Key Takeaways
- Replimune received a second FDA rejection for its RP1 cancer treatment targeting advanced melanoma
- The therapy was proposed for use with Bristol Myers Squibb’s (BMY) Opdivo medication
- Regulators maintained their position that the clinical trial design lacked adequate controls
- Shares of REPL plummeted approximately 19% to $4.76, with two volatility-triggered trading pauses
- Current trading levels remain significantly beneath the 52-week peak of $13.24
The FDA has delivered a second complete response letter to Replimune (REPL) regarding its experimental RP1 therapy, maintaining its original stance on clinical trial methodology concerns.
Regulatory authorities declined approval for vusolimogene oderparepvec (RP1) as a combination therapy with Bristol Myers Squibb’s (BMY) Opdivo for treating advanced melanoma in patients who had received prior anti-PD-1 therapies.
The FDA communicated to Kari Jeschke, Replimune’s senior vice president of regulatory affairs, that supplementary exploratory analyses submitted by the company failed to address the agency’s original determination. The RPL-001-16 clinical study continued to fall short of meeting adequate and well-controlled investigation standards.
Safety profiles for the treatment raised no red flags with regulators — the challenge centers entirely on demonstrating efficacy through acceptable trial methodology.
The initial rejection occurred in July 2025, coming two months following Vinay Prasad’s appointment to head the FDA’s Center for Biologics Evaluation and Research. Following that decision, Replimune submitted a revised Biologics License Application, which gained acceptance for regulatory review in October 2025.
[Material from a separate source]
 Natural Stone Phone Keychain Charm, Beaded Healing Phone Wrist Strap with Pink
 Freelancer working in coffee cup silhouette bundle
Shares experienced an approximately 19% decline to $4.76 following the announcement. Market exchanges implemented two trading halts throughout the session due to price volatility. Based on Dow Jones Market Data, this decline positioned the stock toward its weakest closing level since October.
Current pricing places REPL significantly beneath its 52-week peak of $13.24.
Understanding RP1 Therapy
RP1 represents a genetically modified variant of Herpes Simplex Virus type 1 — the identical virus responsible for cold sores. Replimune engineered the virus to selectively replicate within cancerous tumor cells, leading to cellular destruction while simultaneously activating enhanced immune responses from the body’s white blood cell populations.
The treatment serves as the flagship candidate within Replimune’s RPx platform, dedicated to developing oncolytic immunotherapies targeting solid tumor cancers.
The biotechnology company currently maintains a market capitalization approaching $393 million. Due to ongoing negative earnings — typical for clinical-stage biotech firms developing their therapeutic pipelines — the company lacks a P/E ratio.
Recent Trading Activity and Company Financials
Replimune holds a GF Score of 40 out of 100, with profitability metrics scoring just 1 out of 10. Financial strength indicators register at 6 out of 10.
During the most recent three-month period, company insiders divested $0.1 million in shares, while no insider purchases were documented.
Current share pricing stands at $4.76, representing a substantial discount from the $13.24 peak recorded earlier this year.